Competitive Analysis
During the initial goal setting session, you may have already determined “What websites are currently an authority on this subject?” If so, then you are ready to start researching those companies. Run comparisons of their activities and gauge that against your research.
Technical SEO Checklist
These are some not so exciting parts of the SEO equation that most beginners aren’t too familiar with, but paying attention to these details can be the difference between your competitors and you.
- Heading usage + content hierarchy
- Internal Linking
- Meta-Descriptions
- Image Alt-txt
- Schema Markup
- Duplicate Content
- Speed Check
- XML Sitemaps
Set Up Tracking
There are paid services that can be installed on your website to track traffic and user behavior, but for those looking to get started for free Google provides some powerful tools for tracking purposes.
Three essential tools provided by Google are:
- Google Analytics
- Google Tag Manager
- Google Search Console
Sign up for access to these tools through a Gmail account, and you will have access to the same tools many Fortune 500 companies are using heavily.
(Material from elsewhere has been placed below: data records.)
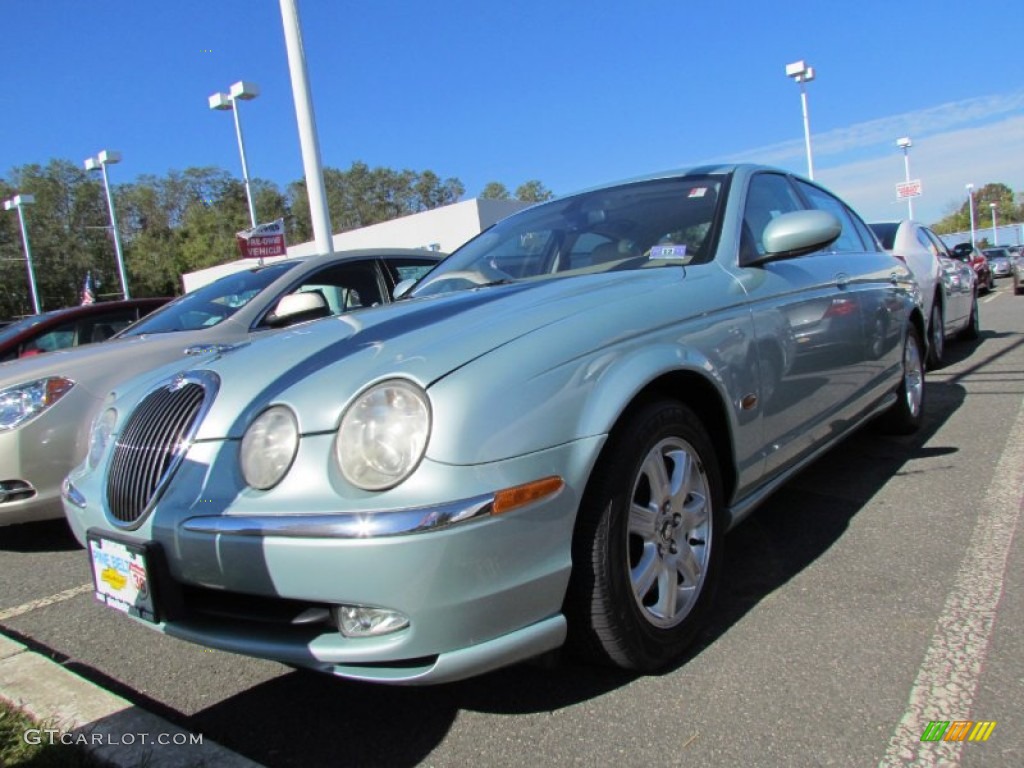 2003 S-Type 3.0 - Seafrost Metallic / Sand photo #1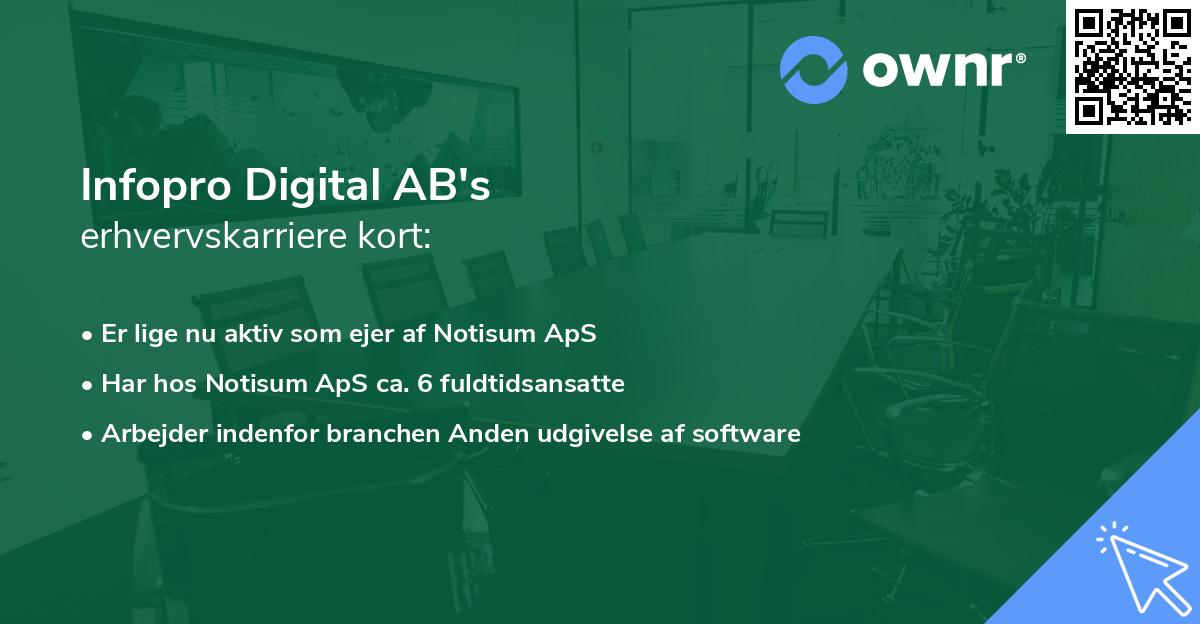 Infopro Digital AB's erhvervskarriere kort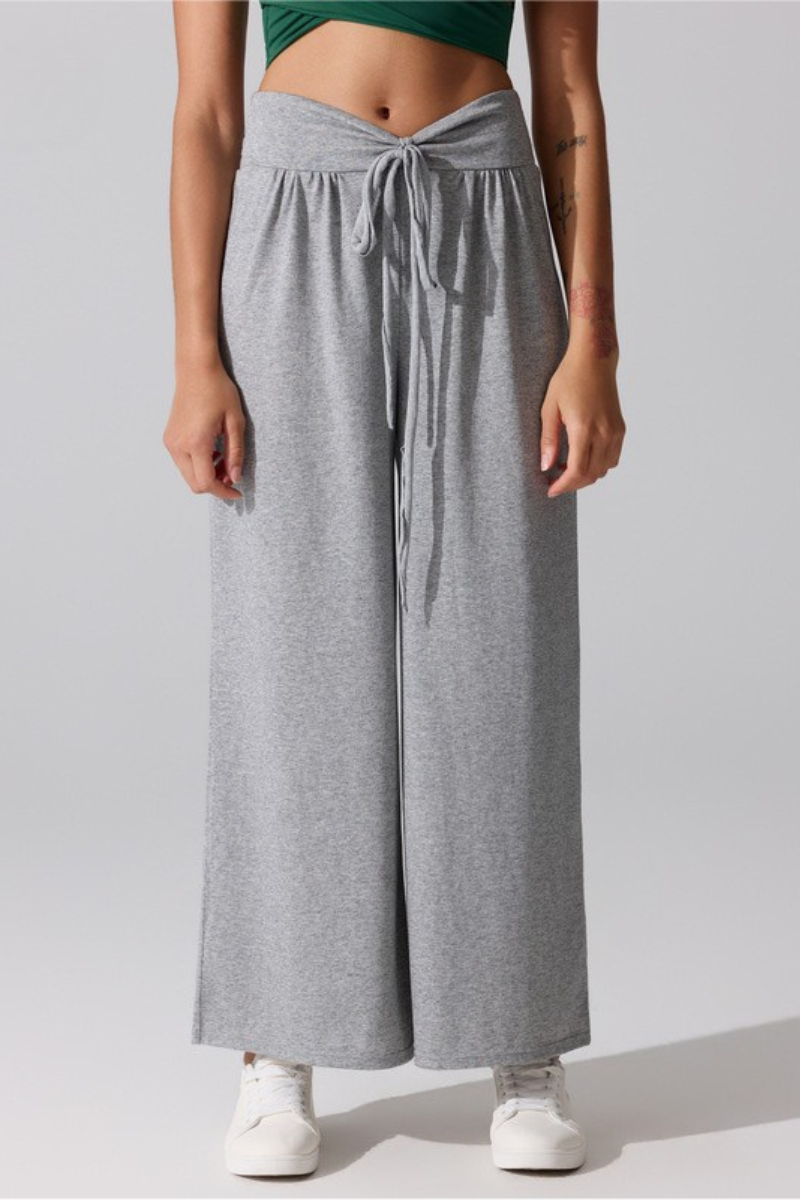 Women's Fall Soft Twisted High Waist Loose Wide Leg Pants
To get these working, copy and paste the tracking code into the HTML header on your website to make sure these scripts are loaded when your web pages load.
Create Conversion Goals
Now that you are tracking traffic on your website, determine the Key Performance Indicators (KPIs) that are most important for you to keep track of. Setting up your KPI as a “Goal” will make it easier to analyze your performance for achieving that goal.
A common KPI would be a form submission. If your website has a contact form, you should create a Goal that records each time a form is submitted.
When you have that created, you will be able to measure things such as:
- What are the sources of your contact form submissions?
- Search Engines? Social Media? direct traffic? Your email list? Paid Ads?
- What “User Path” do your form submissions come from?
- Do users who enter your site on a certain page convert to contact more often than others?
Goals can be created for almost any behavior you value keeping track of and being able to quickly analyze.
Some more examples of possible Goals:
- Clicks on a certain link
- Time spent on a Page
- Purchase of a Product on E-Commerce store
- Downloads of files
Thinking about SEO, you will be able to look at what Keywords result in the Goals you’ve set. Giving the insights needed to optimize your strategy around Keywords that produce the results you want, not wasting time creating content that will have zero impact on what you really want to happen.
Analyze the results, optimize based on findings.
Once you have all the initial SEO basics set up, all you can do it wait to see what happens. The results are not immediate, you won’t magically get traffic unless you are paying for it with Paid Ads or your site is linked to from external sites (maybe an article gets written about your company). I generally give it 90 days to make a real opinion on how things are going.
During this time, content should be produced and published. You are at the top of the mountain trying to start an avalanche with a snowflake, keep building your snowball until it takes off on it’s own and starts to crush all the competition in your way!